[PROBLEM] Print exactly the lines from the one containing "272 - An unusual" through the last line of the records below, both included, and nothing else; omit any pictures.

[INFORMATION SHOWN]
+--
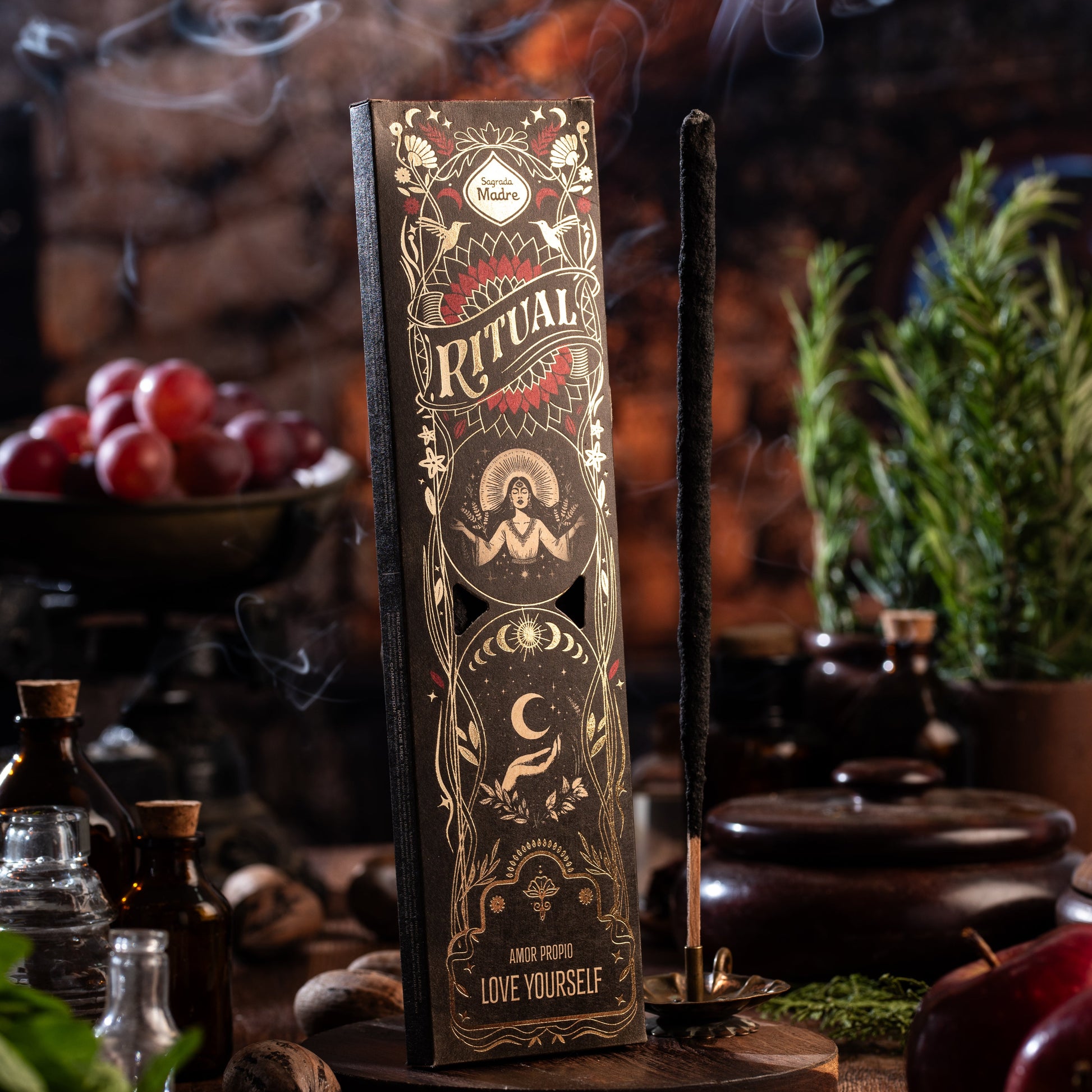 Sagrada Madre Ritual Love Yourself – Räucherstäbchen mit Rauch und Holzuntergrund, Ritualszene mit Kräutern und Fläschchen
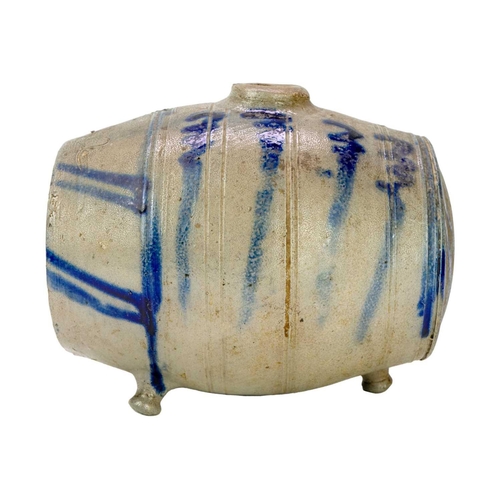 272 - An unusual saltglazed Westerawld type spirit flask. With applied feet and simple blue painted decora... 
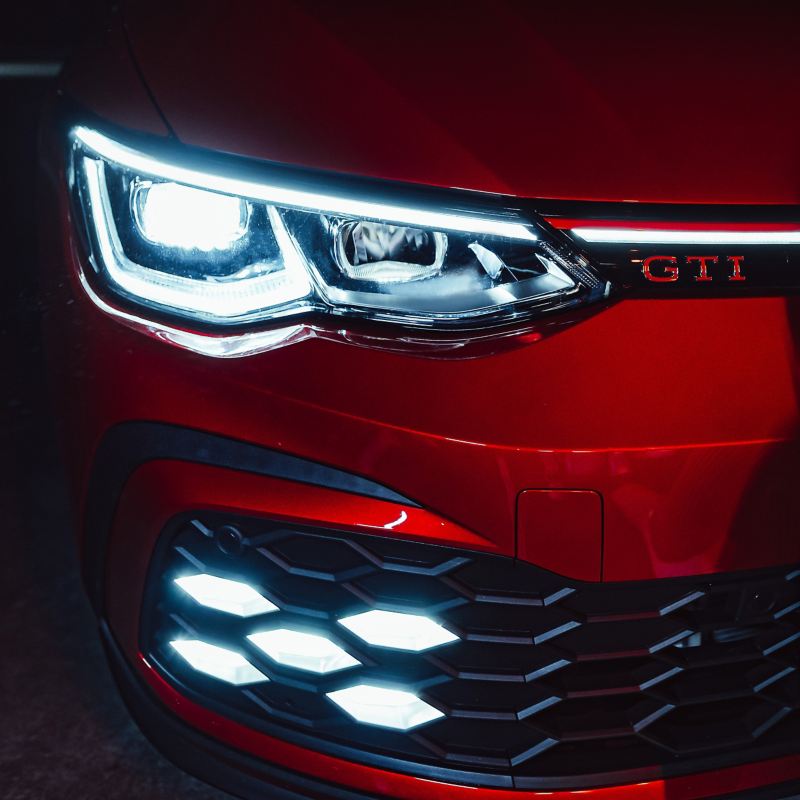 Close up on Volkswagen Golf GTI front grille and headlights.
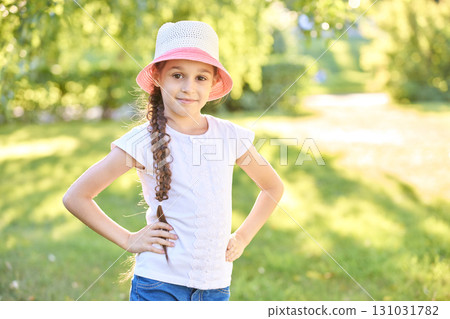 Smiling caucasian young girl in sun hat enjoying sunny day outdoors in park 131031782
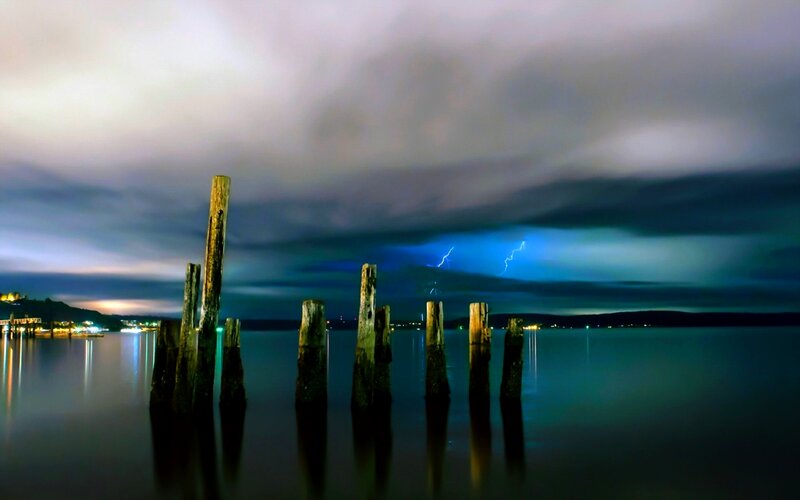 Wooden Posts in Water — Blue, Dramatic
+--
[ANSWER SECTION]
 272 - An unusual saltglazed Westerawld type spirit flask. With applied feet and simple blue painted decora... 
 Close up on Volkswagen Golf GTI front grille and headlights.
 Smiling caucasian young girl in sun hat enjoying sunny day outdoors in park 131031782
 Wooden Posts in Water — Blue, Dramatic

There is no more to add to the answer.